KEY CHANGE 1 – NAVIGATION
Filters, Breadcrumbs & Hierarchy Supported Quick Discovery
Before: Users hovered, backtracked, and relied on trial-and-error to find content.
After:
Parents immediately applied filters, understood their location, and navigated with intent.
"Everything was where I expected it to be. This feels really intuitive."

KEY CHANGE 2 – CONTINUE ENGAGEMENT
Clickable Tags & Related Resources Built Stronger Learning Pathways
Before: Resource pages acted as endpoints with no clear next step.
After:
Parents actively explored: Related resources, Topic tags, and Next-step materials
"I immediately get if this fits my child, and what to use next.”

What We Didn't Fully Solve
IMPROVEMENT 1 – LANAGUAGE
Language still created friction
Testing also revealed subtle but important friction.
3 out of 5 participants clicked “Learn Concepts” expecting worksheets or practice materials. The label activated the wrong mental model. The structure worked, but the language did not.
“I thought Learn Concepts was where the worksheets would be. It sounds like the place where kids learn.”

So we changed “Learn Concepts” to “Curriculum Guide.”
In follow-up conversations, parents immediately understood it as informational rather than downloadable materials. The problem was not navigation anymore.

IMPROVEMENT 2 – PRODUCT OFFERING
Inconsistent CTA messaging created confusion about the product offering
On the homepage, parents interpreted “Start for $1” as access to the full bundle—app + physical materials. However, on the resource page, the same offer felt like app-only access.
This inconsistency caused hesitations around value, expectations, and trust.

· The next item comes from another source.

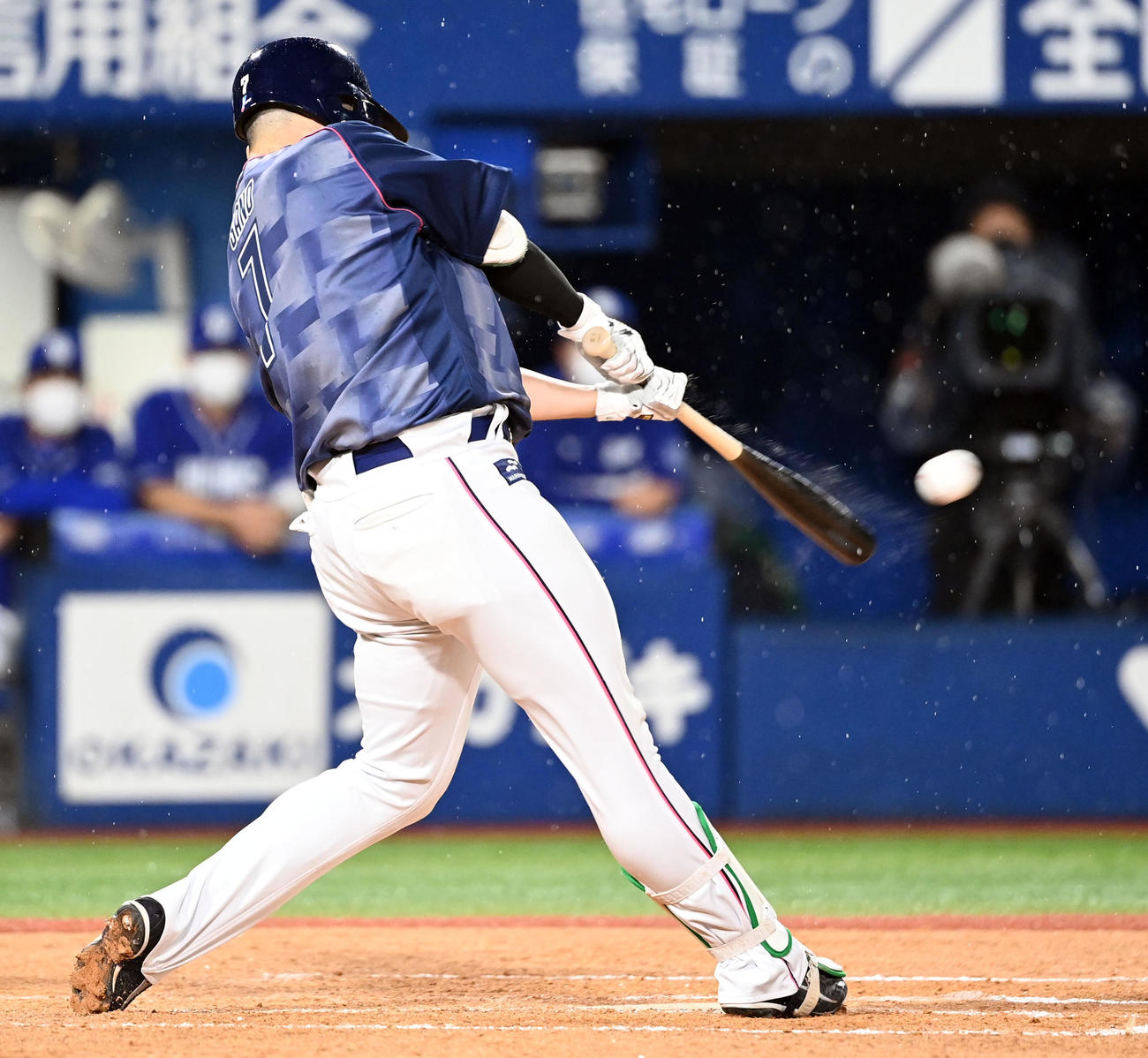 DeNA対中日　5回裏DeNA1死一、二塁、右前に適時二塁打を放つ佐野（撮影・たえ見朱実）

We unified the copy across pages to clearly communicate that the offer included both interactive app content and hands-on materials.
After the change, parents expressed clearer understanding of what they were paying for.

Final Solution
Bringing Clarity to Learning Discovery
The final designs present a clearer, more intuitive Learning Resources experience for parents.

Outcomes & Impact
Turning Learning Resources into a Growth Engine
The redesign transformed Learning Resources from a passive content library into a strategic entry point that drives discovery, engagement, and product understanding.
By aligning the experience with parent mental models, the system now supports clearer decision-making and more intentional navigation.
Behavioral Outcomes
100% task completion
All participants successfully found grade-specific resources
Reduced hesitation
Users navigated directly without backtracking or confusion
Clearer product understanding
Users correctly interpreted the offer after copy refinement
Stronger engagement
Users explored related content and next steps easily
Product-Level Impact
Strengthened Learning Resources as a top-of-funnel discovery entry point
Improved clarity of free vs paid offering, reducing conversion friction
Created a foundation for scalable content organization and future growth
“The redesign opens up a lot of opportunities and really helps us think through what we should prioritize next.”
— Our Client, Tatum
"Once again, thank you all for a splendid presentation. It’s obvious you understood our site and our various needs. I’m so impressed by the depth of your suggested solutions. I know we’ll be spending a lot of time poring over your IA diagram."